▶ **Work instructions**
Reproduced exactly, the lines from the start of the material through the line containing "3 Mini Bowls, Salseras" should be the whole answer, with pictures excluded.

___ Input ___

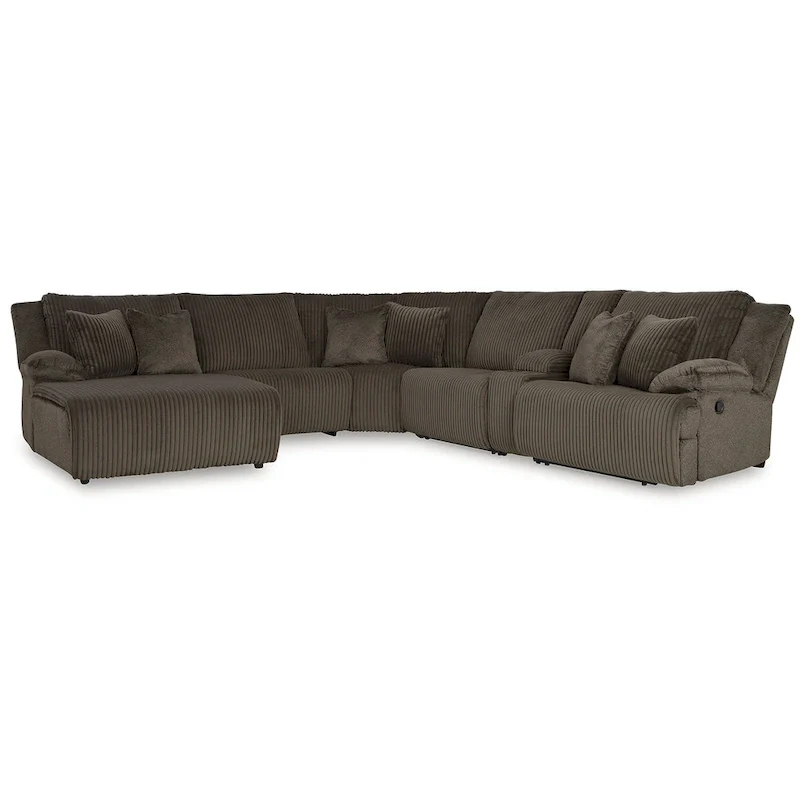 Signature Design by Ashley Top Tier Brown 6-Piece Reclining Sectional with Chaise - 147 W x 134 D x 41 H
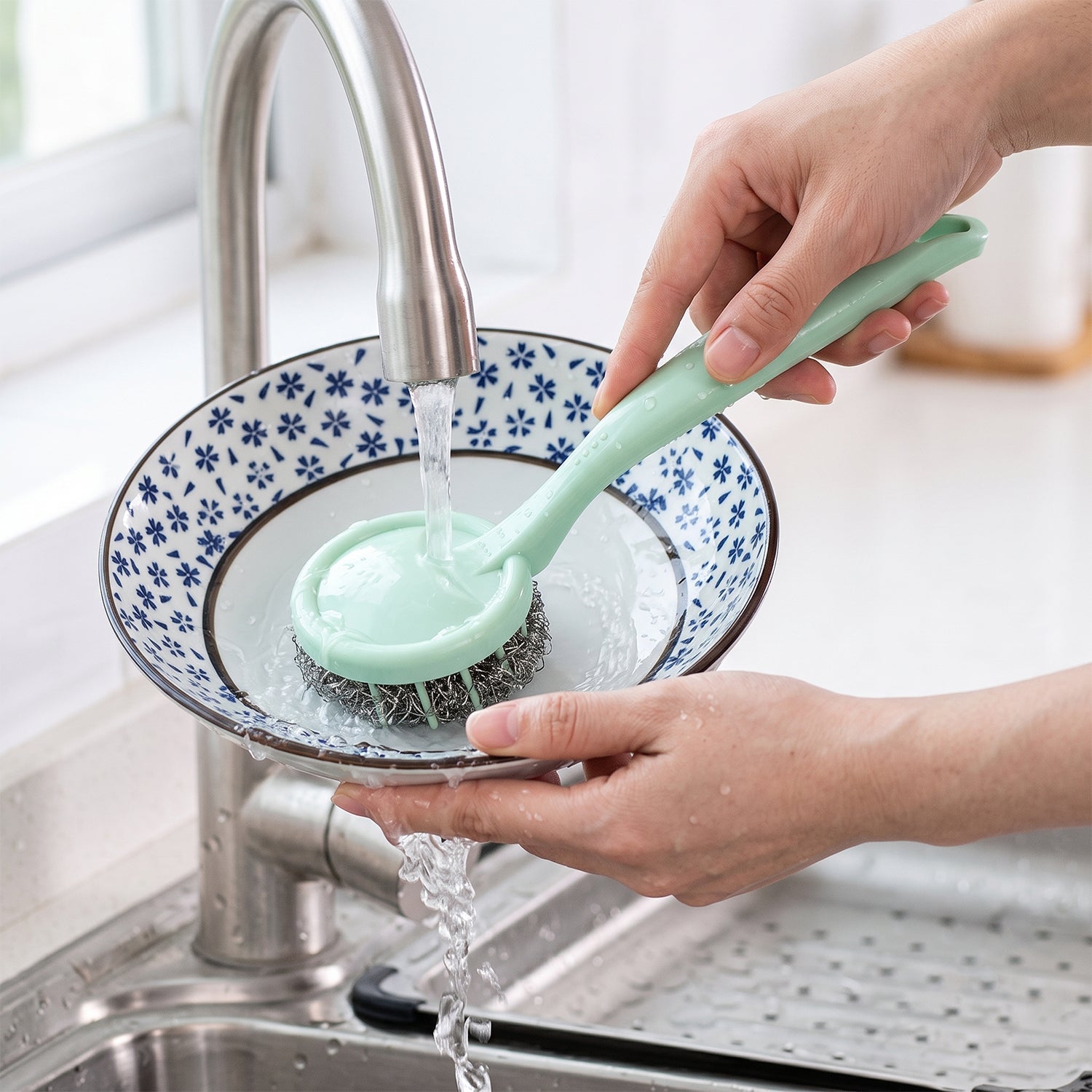 Mint-handled stainless scrub brush with steel pad, rinsed under flowing faucet water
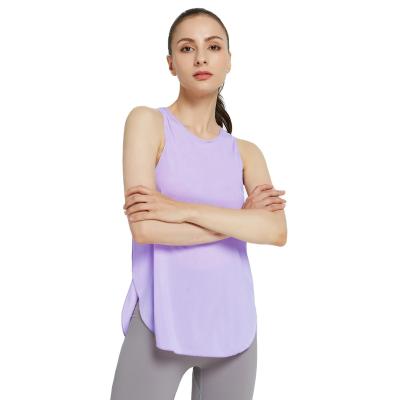 China Logo Printing Women Solid Color QUICK DRY Custom Yoga Tank Tops Girls Premium Loose Fit Polyester Quilted Vest for sale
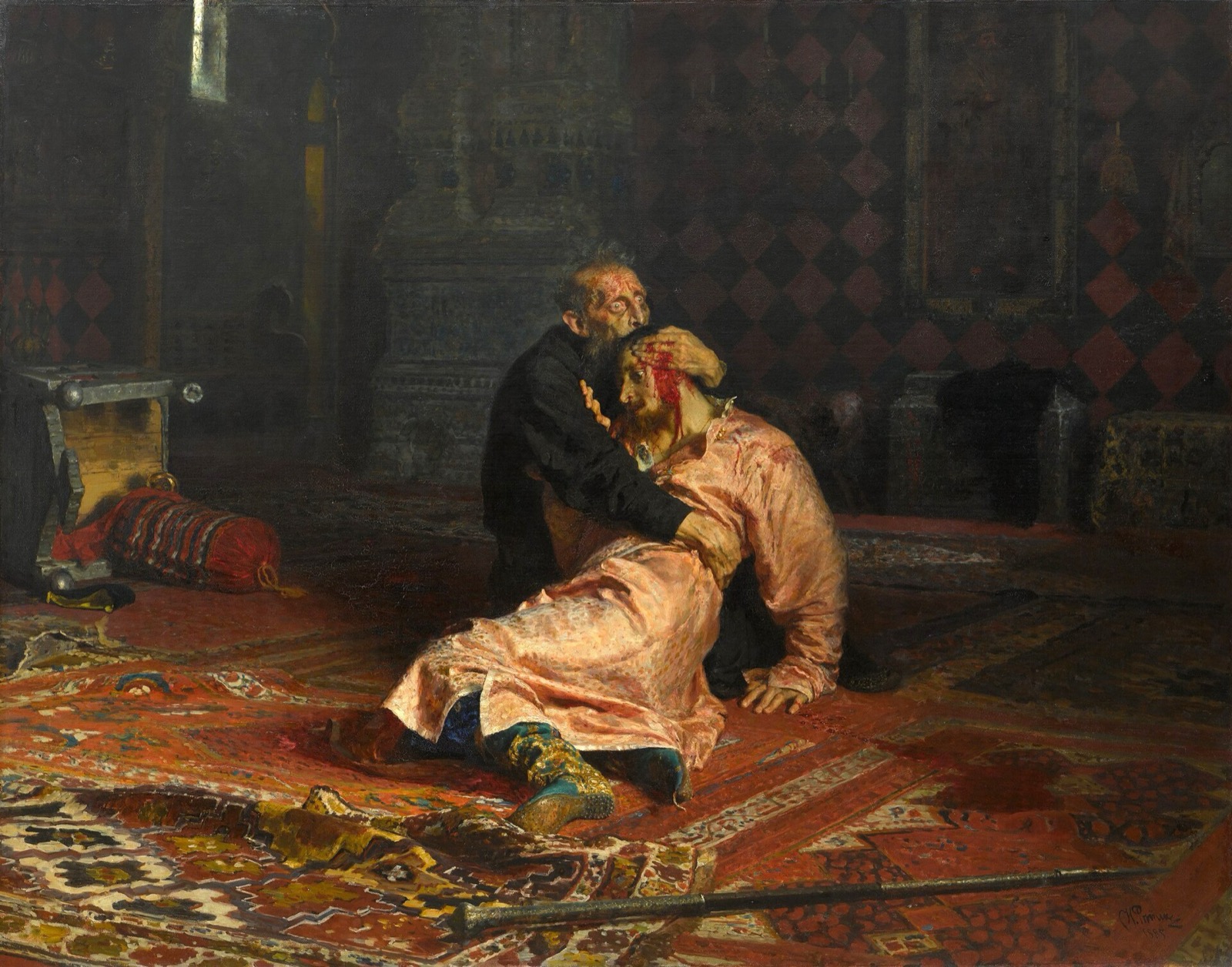 Repin's Ivan the Terrible cradling his son.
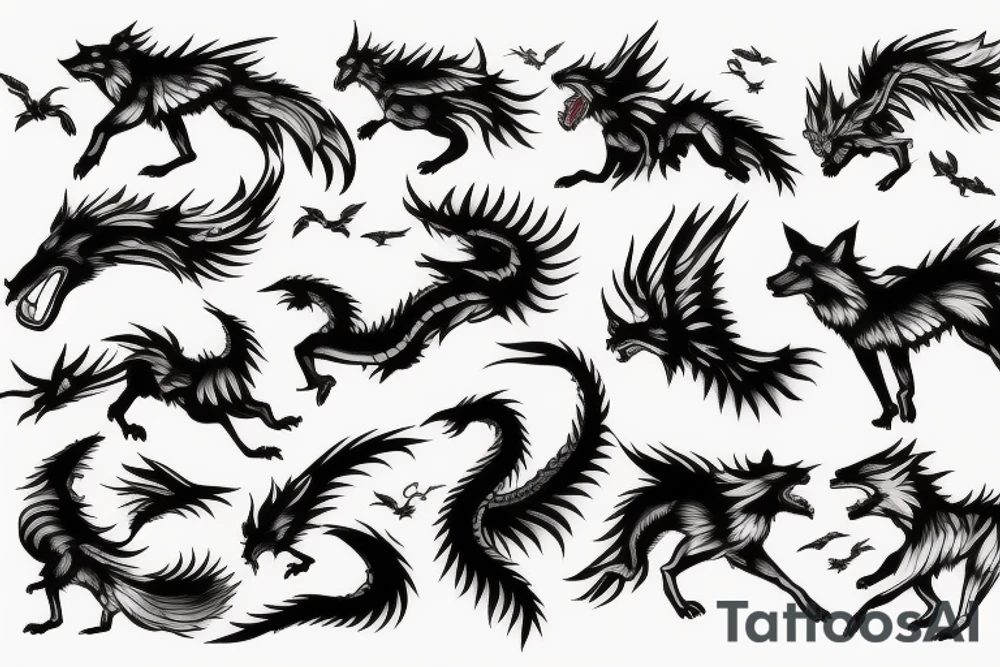 Wolf running with a flying dragon tattoo idea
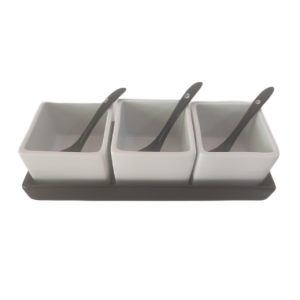 3 Mini Bowls, Salseras con Cucharillas, Porcelana - Imagen 5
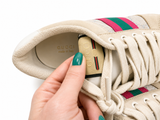 Gucci Calfskin Lame GG Monogram Web Womens Screener Sneakers Size 39 ladies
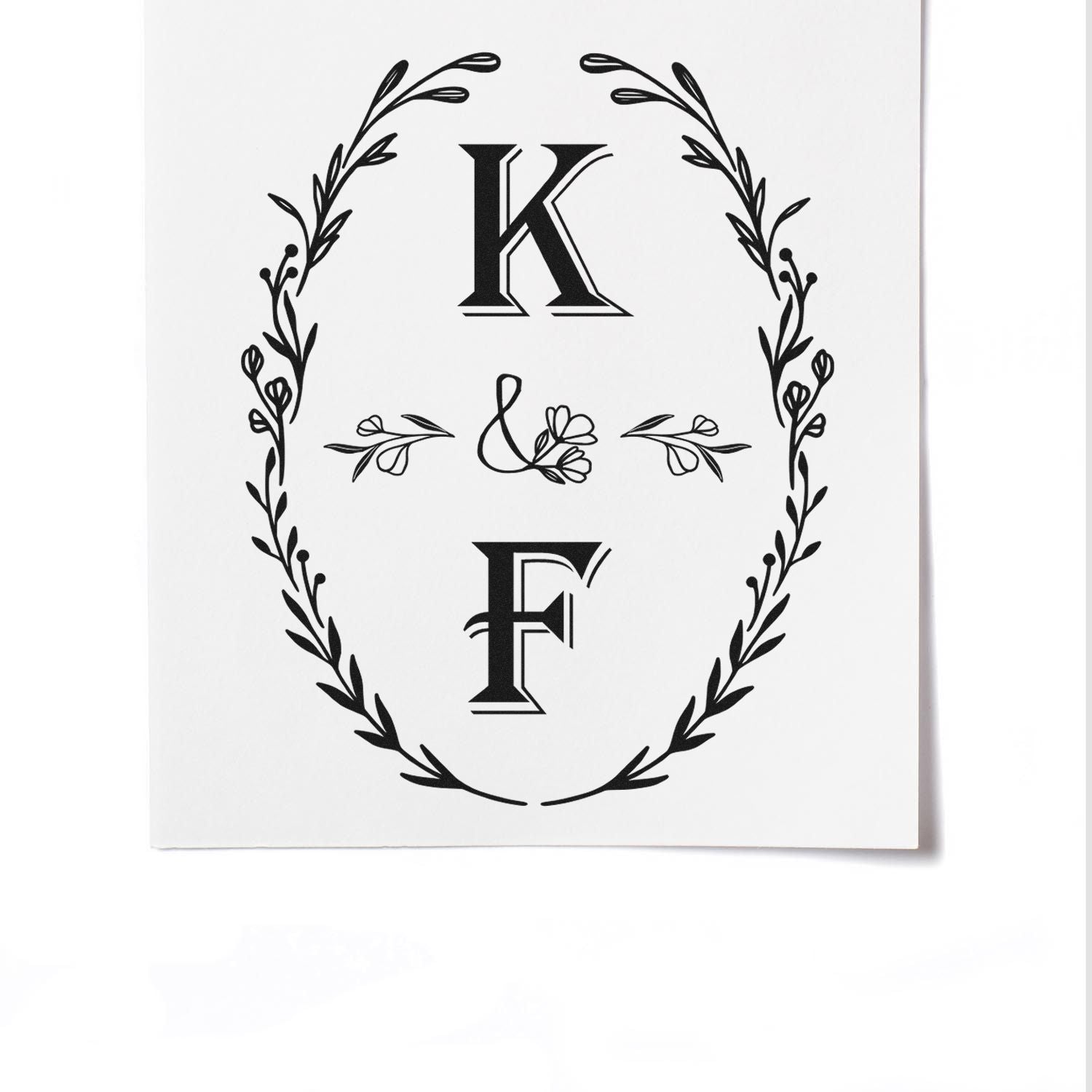 Round Floral Monogram Elegance Handcrafted Couples' Stamp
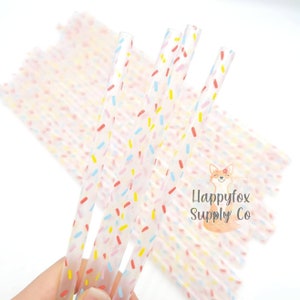 10" ORIGINAL Sprinkles/Confetti Reusable Plastic Straws | 5-30 pack for Tumblers, Cups, Water Bottles | Printed Straws Kidcore Clowncore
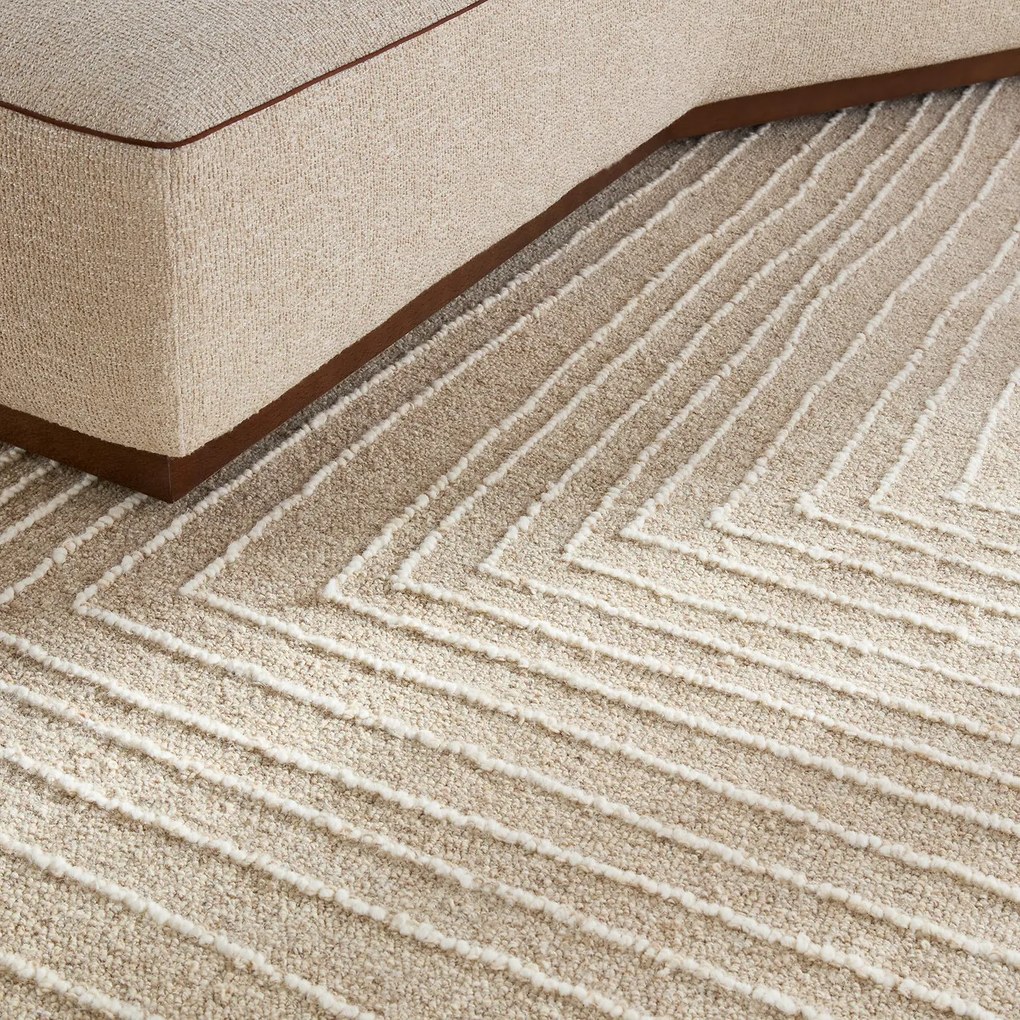 Handgetuft vloerkleed, geborduurde wol, IKAR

___

▶ **Final answer**
 Signature Design by Ashley Top Tier Brown 6-Piece Reclining Sectional with Chaise - 147 W x 134 D x 41 H
 Mint-handled stainless scrub brush with steel pad, rinsed under flowing faucet water
 China Logo Printing Women Solid Color QUICK DRY Custom Yoga Tank Tops Girls Premium Loose Fit Polyester Quilted Vest for sale
 Repin's Ivan the Terrible cradling his son.
 Wolf running with a flying dragon tattoo idea
 3 Mini Bowls, Salseras con Cucharillas, Porcelana - Imagen 5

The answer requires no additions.